Lorsque Eloïse débarque à Londres réaliser ses rêves de créatrice de mode, ses rêves la propulsent mystérieusement dans le swinging London des années 60, son époque fétiche, où elle vit la vie de la mystérieuse Sandie, fascinante apprentie chanteuse. Mais n’est-ce qu’un rêve ?
La créativité foisonnante et la légèreté de cette décennie en apparence insouciante vont se couvrir d’un voile noir et sordide au fur et à mesure qu’Eloise découvre la face cachée de Soho. Au point que les fantômes du passé vont venir hanter son présent. Le regard de plus en plus éteint de Sandie est le vecteur de ce désenchantement et de ces visions. La santé mentale de Eloise défaille-t-elle ou communique-t-elle vraiment avec les esprits ?

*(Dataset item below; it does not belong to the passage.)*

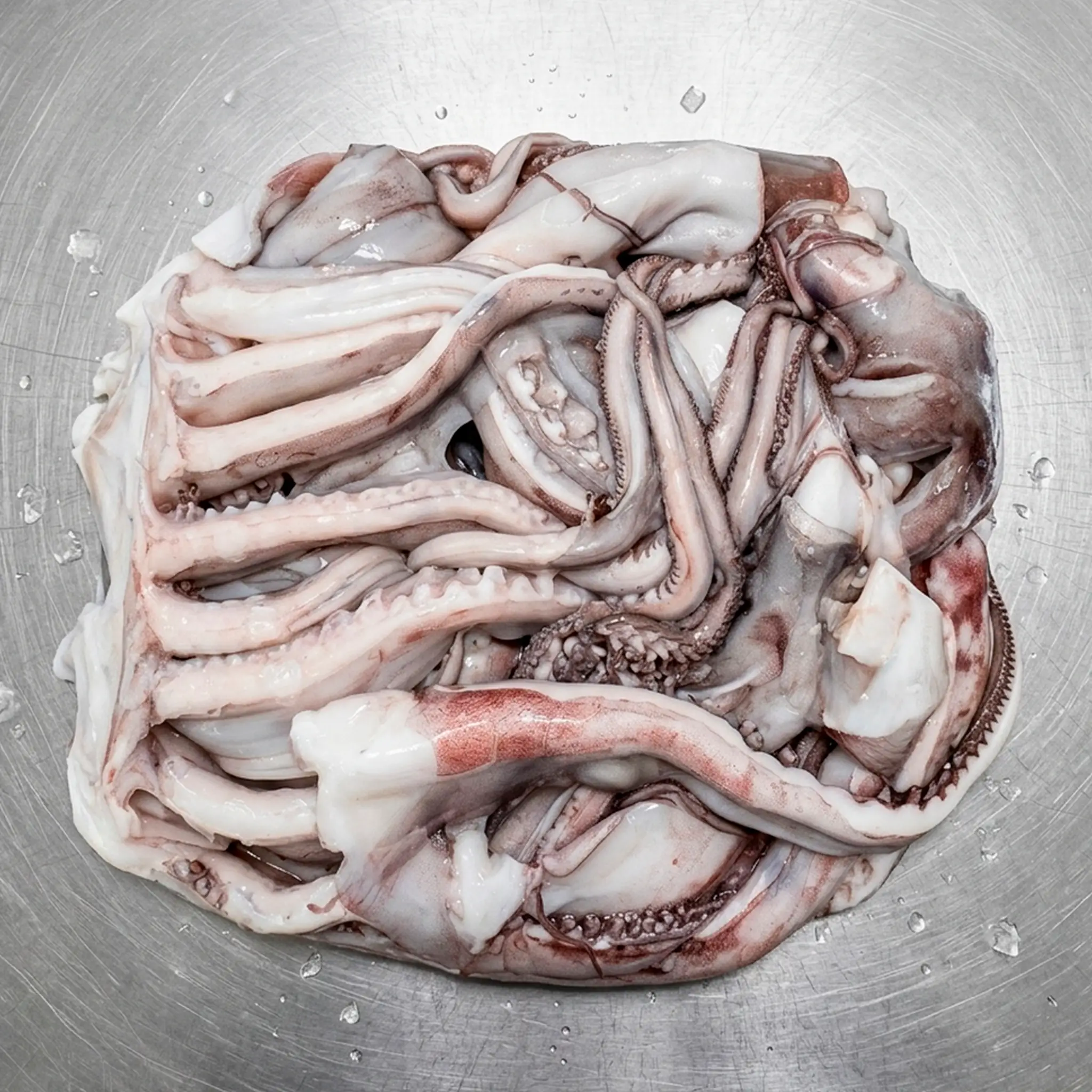 Giant Squid Tentacles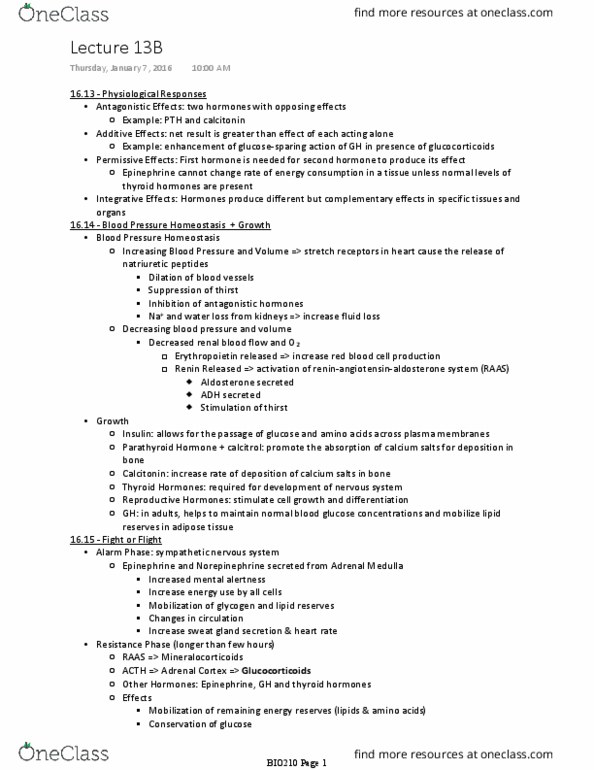 BIO210Y5 Lecture Notes - Lecture 13: Adrenocorticotropic Hormone, Adipose Tissue, Sweat Gland thumbnail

Wright parvient à faire cohabiter cet enjeu très cinématographique avec un propos plus personnel. Il fustige ainsi les dangers de l’idéalisation d’une époque ou d’un personnage et énonce clairement un propos féministe sans pour autant le revendiquer ostensiblement.
Tout passe par une mise en scène reposant sur des jeux de miroir. A une première partie chic et glamour qui capte la frivolité du Londres des années 60 répond un deuxième acte morbide et effrayant qui illustre l’envers du décor.
Wright opère une montée en tension des plus efficaces, renforçant constamment l’étrangeté de son film. Sa réalisation est inventive, d’un esthétisme d’abord volontairement clinquant puis franchement angoissant. Il joue du thème du double avec virtuosité, surtout lorsque ses actrices se reflètent l’une l’autre dans les miroirs ou échangent leur place.
Malgré quelques trous d’airs, Last Night est intense et prenant, et bénéficie pleinement du fascinant pouvoir d’attraction de Anya Taylor-Joy. Son regard est un aimant, impossible de ne pas être troublé. Il va sans dire qu’elle incarne idéalement la dualité et l’étrangeté du film.